- Palorinya Refugee Settlement
- Coordinates: 3°21′11″N 31°59′31″E﻿ / ﻿3.353°N 31.992°E
- Country: Uganda
- District: Adjumani

= Pagirinya Refugee Settlement =

Pagirinya Refugee Settlement is a refugee camp in Eastern Adjumani District in Northern Uganda.

== Background ==
Pagirinya refugee settlement, as of October 2016 was one of the newest of Uganda's refugee settlements, launched in June 2016 after the Maaji Refugee Settlements reached its full capacity and could not accommodate the great number of the refugees.

== Population ==
Pagirinya refugee settlement hosts more than 32,000 refugees displaced from South Sudan.

== Health and sanitation ==
A cholera outbreak hit Pagirinya refugee settlement soon after it opened which was due to the increased exposure to dirty water and unattended to water crisis at the settlement and is still a big problem to be taken care of by the Government of Uganda.

Refugees reported poor latrine coverage throughout Pagirinya refugee settlement and the locals have resorted to open defecation as a final aid to the problem facing them at the camp due to the low coverage of latrines.

== Water supply ==
Most of the refugees within Pagirinya use poor practices for handling their water sources and have a higher risk of contracting of waterborne diseases and infections as the low level of supply of water still remains a big challenge.

== Education ==
Pagirinya refugee settlement has different schools to support education for the young children, according to UNICEF Gulu Zonal Office reports.

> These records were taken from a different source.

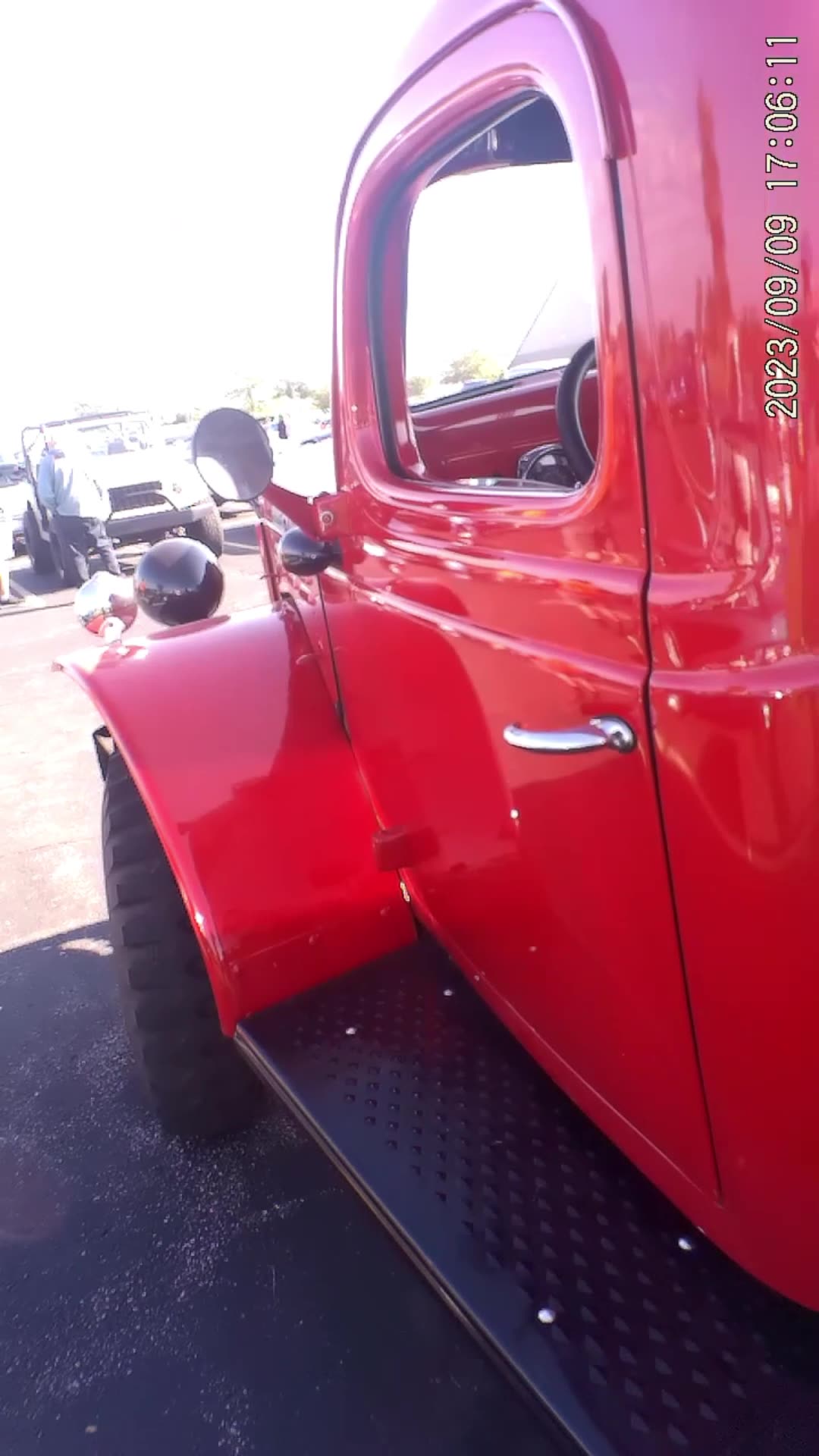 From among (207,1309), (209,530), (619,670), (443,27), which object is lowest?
(207,1309)

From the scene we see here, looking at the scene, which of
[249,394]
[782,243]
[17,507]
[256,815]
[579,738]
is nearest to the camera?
[782,243]

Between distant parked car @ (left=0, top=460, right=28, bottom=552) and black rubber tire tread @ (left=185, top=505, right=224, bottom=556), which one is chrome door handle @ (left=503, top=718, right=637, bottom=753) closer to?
black rubber tire tread @ (left=185, top=505, right=224, bottom=556)

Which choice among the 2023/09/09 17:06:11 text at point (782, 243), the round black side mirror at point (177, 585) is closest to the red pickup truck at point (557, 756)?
the 2023/09/09 17:06:11 text at point (782, 243)

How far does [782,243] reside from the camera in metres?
0.93

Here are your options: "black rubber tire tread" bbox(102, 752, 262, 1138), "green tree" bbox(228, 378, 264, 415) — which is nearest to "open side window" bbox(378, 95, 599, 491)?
"black rubber tire tread" bbox(102, 752, 262, 1138)

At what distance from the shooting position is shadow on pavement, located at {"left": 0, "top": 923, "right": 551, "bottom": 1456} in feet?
6.03

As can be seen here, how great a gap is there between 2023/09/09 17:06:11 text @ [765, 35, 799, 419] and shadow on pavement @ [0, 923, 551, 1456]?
4.45 feet

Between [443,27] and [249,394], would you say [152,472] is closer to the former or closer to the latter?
[443,27]

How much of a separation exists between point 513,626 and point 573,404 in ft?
1.37

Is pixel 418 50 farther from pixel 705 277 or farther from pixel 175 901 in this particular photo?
pixel 175 901

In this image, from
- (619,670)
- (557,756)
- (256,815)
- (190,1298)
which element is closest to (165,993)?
(256,815)

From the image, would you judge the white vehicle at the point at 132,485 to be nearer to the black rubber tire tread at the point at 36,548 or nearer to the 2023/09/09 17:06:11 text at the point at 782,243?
the black rubber tire tread at the point at 36,548

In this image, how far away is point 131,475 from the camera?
11836 millimetres

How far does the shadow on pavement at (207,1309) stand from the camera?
1839 millimetres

In 2016, 13 replenishment kits were distributed to Maaji Primary School which has over 3,500 pupils to support the education of the pupils.

Reports also indicate that 4,721 refugees are registered in Pagirinya Settlement in three primary schools; Pagirinya government primary school, Pariginya 1&2 feeder primary schools.

The settlement’s organized, physical design facilitates access to important facilities, including health centres and schools.

== Housing and property ==
According to REACH reports, 77% of shelter tenure is owned by the head of the household, 12% owned by the spouse and 11% owned jointly between household member. The household access to land where shelter is 99%, Accessing land in a separate plot is 3% and 1 % have no access to any land.